Task details.
Skip pictures in the listing below; copy exactly the lines from the one with "Вокалист Iron Maiden" through the one with "قم در روز عاشورا؛", inclusive.

Exercise materials.
--------

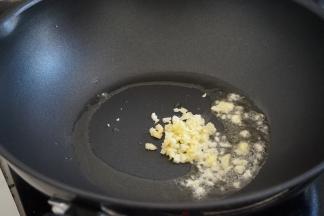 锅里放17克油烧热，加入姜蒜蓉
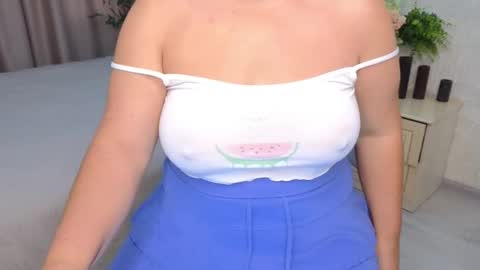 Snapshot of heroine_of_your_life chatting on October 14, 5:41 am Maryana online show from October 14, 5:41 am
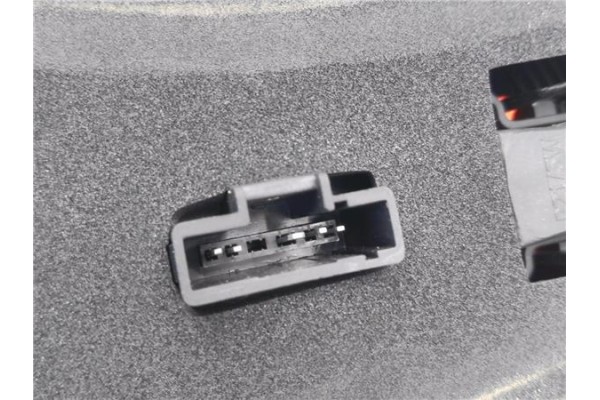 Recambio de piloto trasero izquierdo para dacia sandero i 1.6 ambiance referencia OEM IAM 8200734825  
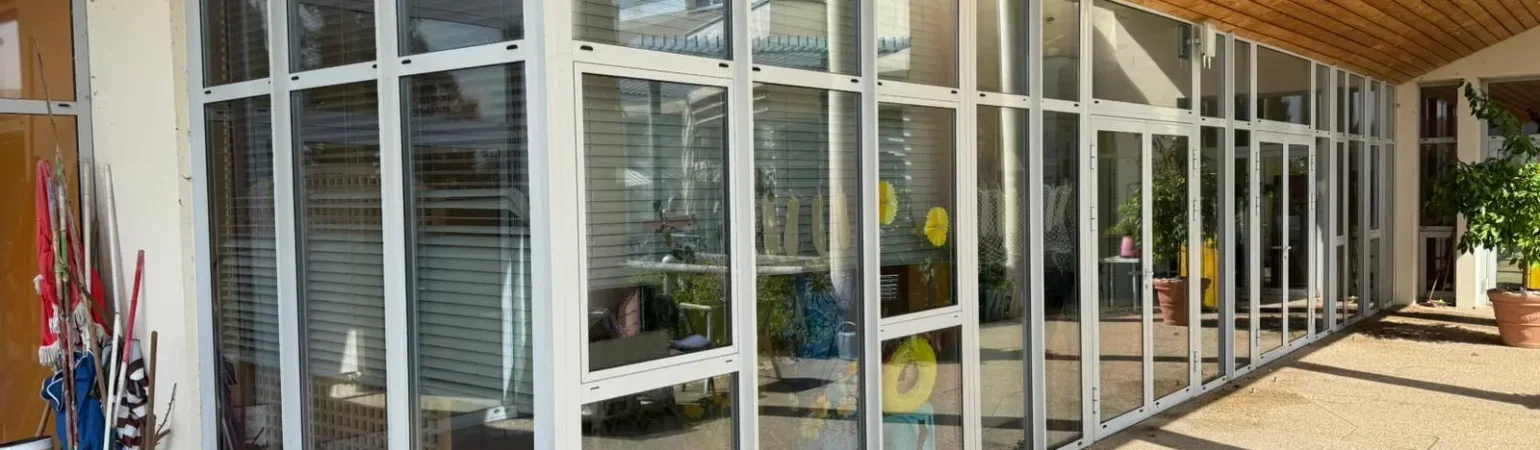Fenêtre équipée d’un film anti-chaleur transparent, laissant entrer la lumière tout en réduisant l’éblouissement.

--------

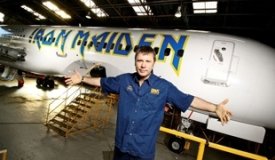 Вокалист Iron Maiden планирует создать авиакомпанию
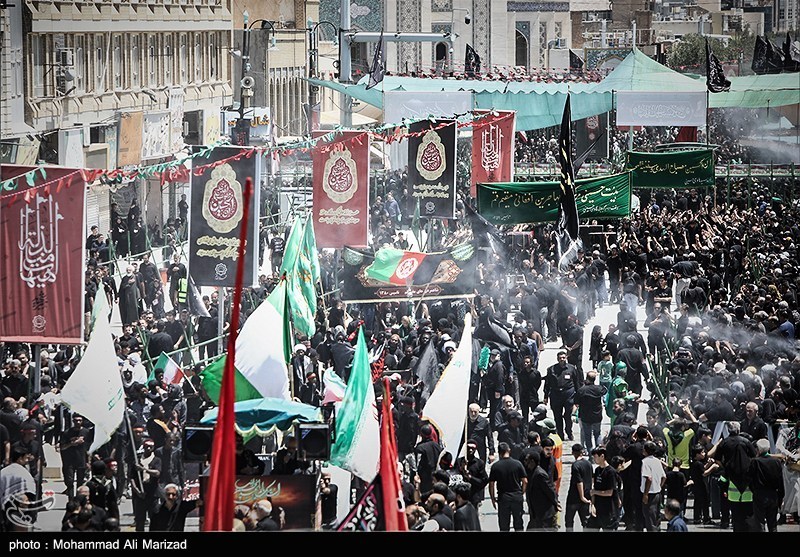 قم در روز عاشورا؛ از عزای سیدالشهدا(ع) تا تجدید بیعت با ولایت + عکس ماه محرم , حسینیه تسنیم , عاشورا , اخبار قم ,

--------

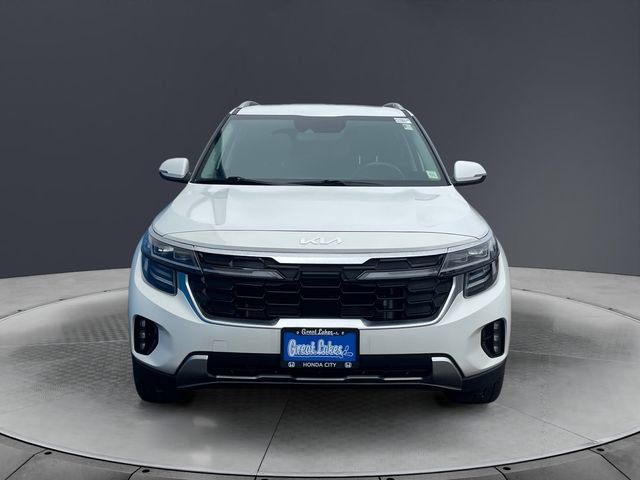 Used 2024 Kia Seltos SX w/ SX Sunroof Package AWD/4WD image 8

--------

Expected answer.
 Вокалист Iron Maiden планирует создать авиакомпанию
 قم در روز عاشورا؛ از عزای سیدالشهدا(ع) تا تجدید بیعت با ولایت + عکس ماه محرم , حسینیه تسنیم , عاشورا , اخبار قم ,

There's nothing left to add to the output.